10-11.09.2016 na trasie nartorolkowej w Sobieszowie k. Jeleniej Góry odbyły się Mistrzostwa Polski Seniorów na nartorolkach 2016.
Jedyną naszą reprezentantką w tych w zawodach była Marcela Marcisz - MKS Halicz Ustrzyki Dolne. Marcela łącznie zdobyła 2 medale: złoty i srebrny.
W pierwszym dniu Mistrzostw Polski Seniorów na nartorolkach oraz Pucharu Polski PZN odbyły się biegi stylem dowolnym.
Wśród Seniorek zwyciężyła Anna Staręga (UKS Rawa Siedlce) przed naszą reprezentantką Marcelą Marcisz (MKS Halicz Ustrzyki Dolne) i Katarzyną Stokfisz (AZS AWF Katowice).

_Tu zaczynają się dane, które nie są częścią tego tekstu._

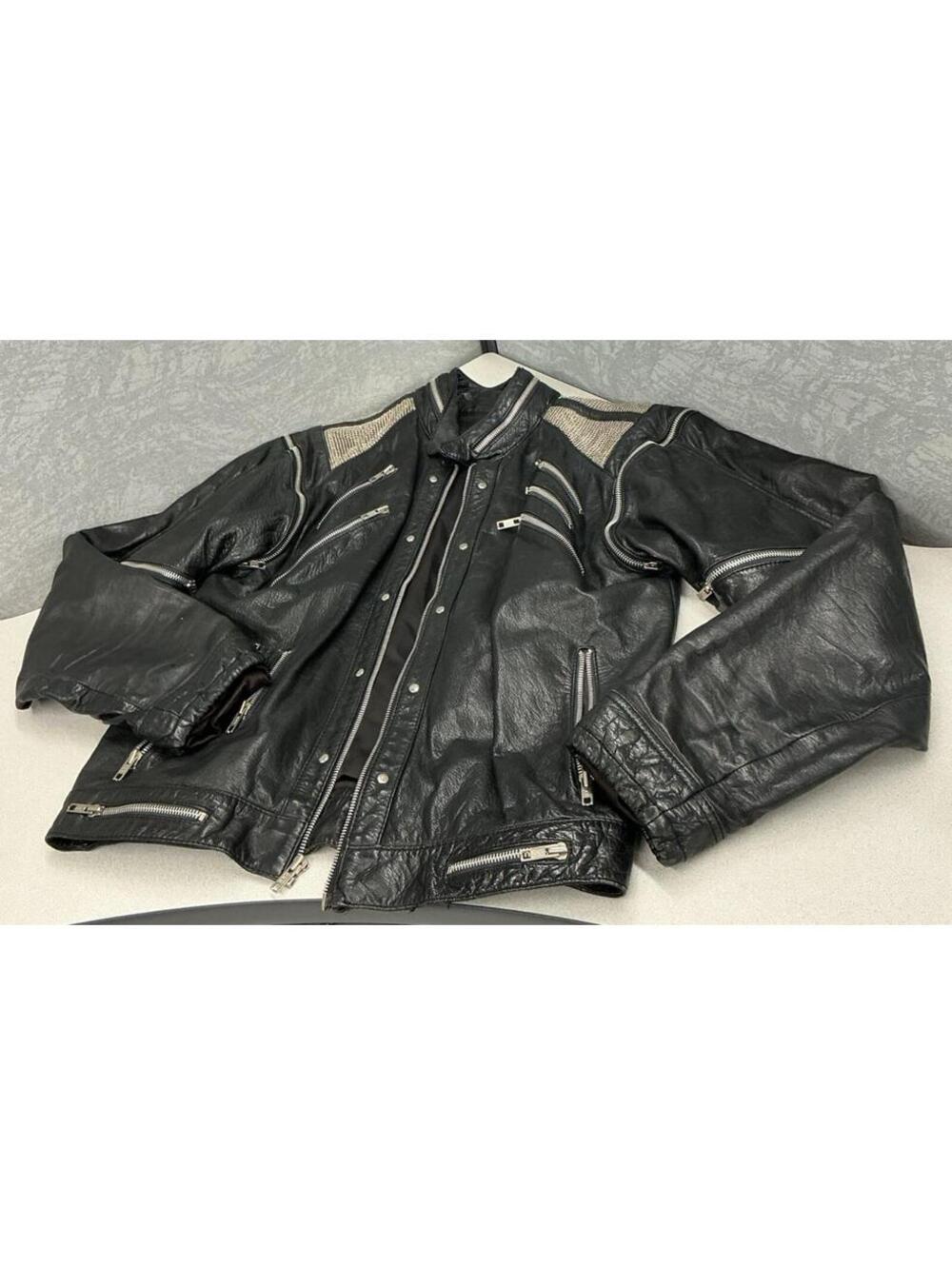 Vintage 1980 Michael Jackson “Beat it” style leather jacket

Drugą i ostatnią konkurencją był bieg pod górę (uphill) na dystansie 3600 metrów klasykiem z metą w Zachełmiu. Zawody ukończyło ponad 150 zawodniczek i zawodników we wszystkich kategoriach wiekowych.
Bieg seniorek wygrała pracująca od tego sezonu w Szkole Mistrzostwa Sportowego w Szklarskiej Porębie Marcela Marcisz z MKS Halicz Ustrzyki Dolne. Druga lokata dla Karoliny Maruszczak z MKS Karkonosze Jelenia Góra, podium uzupełnia Katarzyna Stokfisz z AZS AWF Katowice. Wczorajsza zwyciężczyni z biegu stylem dowolnym Anna Staręga z UKS Rawa Siedlce dzisiaj znalazła się poza podium na czwartym miejscu.
Źródło: www.skipol.pl
Podczas zawodów upamiętniono minutą ciszy pamięć zmarłego przed kilku dniami Stanisława Michonia, wieloletniego trenera klubu KS Śnieżka Karpacz i Szkoły Mistrzostwa Sportowego w Karpaczu, trzykrotnego zwycięzcy Biegu Piastów, w tym historycznej pierwszej edycji.
Stanisław Michoń zaczynał bieganie w Śnieżce Karpacz w 1967 roku. Jako pierwszy Polak zaliczył wszystkie najważniejsze biegi długodystansowe w ramach cyklu Worldloppet (wówczas należące). Jego najważniejsze osiągnięcia to 18. miejsce w Dolomitenlauf w Austrii i 23. w niemieckim Koenig Ludwig Lauf. Stanisław w 1976 roku wygrał pierwszy, historyczny Bieg Piastów, którego z następnych latach stał się legendą. Najwyższy stopień podium padał jego łupem jeszcze dwie zimy później, a także - już po stanie wojennym - w 1985 roku. Przed jubileuszową 40. edycją imprezy w marcu tego roku biegacz wraz z innymi zasłużonymi dla "Piastów" był uhonorowany osobnym, pamiątkowym startem na kilka chwil przed ruszeniem na trasę czołówki. To był jego ostatni start.